SOURCE DATA:
=======
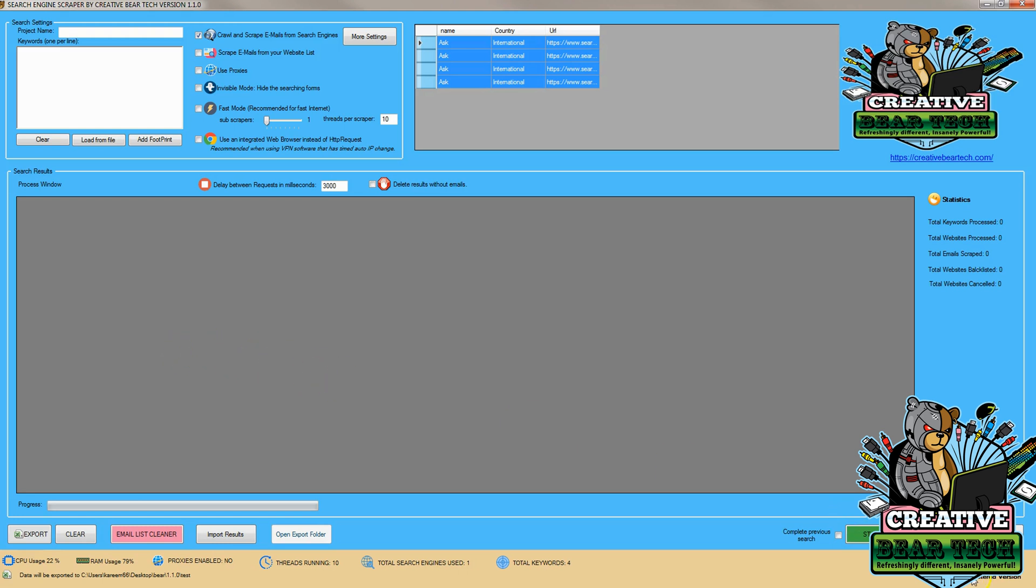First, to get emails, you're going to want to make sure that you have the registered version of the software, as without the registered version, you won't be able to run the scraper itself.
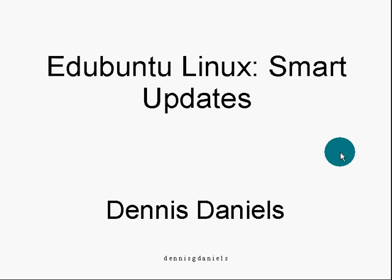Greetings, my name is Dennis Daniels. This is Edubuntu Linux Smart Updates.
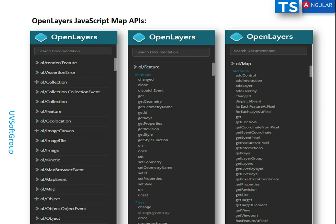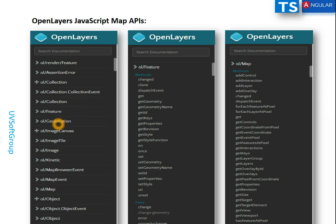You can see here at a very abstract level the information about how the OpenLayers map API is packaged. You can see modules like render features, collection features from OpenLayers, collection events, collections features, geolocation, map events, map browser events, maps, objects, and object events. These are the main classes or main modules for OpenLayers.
=======
AIM OF THE EXERCISE: Pictures are to be omitted; otherwise, write out the data exactly as it appears.

TASK RESPONSE:
First, to get emails, you're going to want to make sure that you have the registered version of the software, as without the registered version, you won't be able to run the scraper itself.
Greetings, my name is Dennis Daniels. This is Edubuntu Linux Smart Updates.
You can see here at a very abstract level the information about how the OpenLayers map API is packaged. You can see modules like render features, collection features from OpenLayers, collection events, collections features, geolocation, map events, map browser events, maps, objects, and object events. These are the main classes or main modules for OpenLayers.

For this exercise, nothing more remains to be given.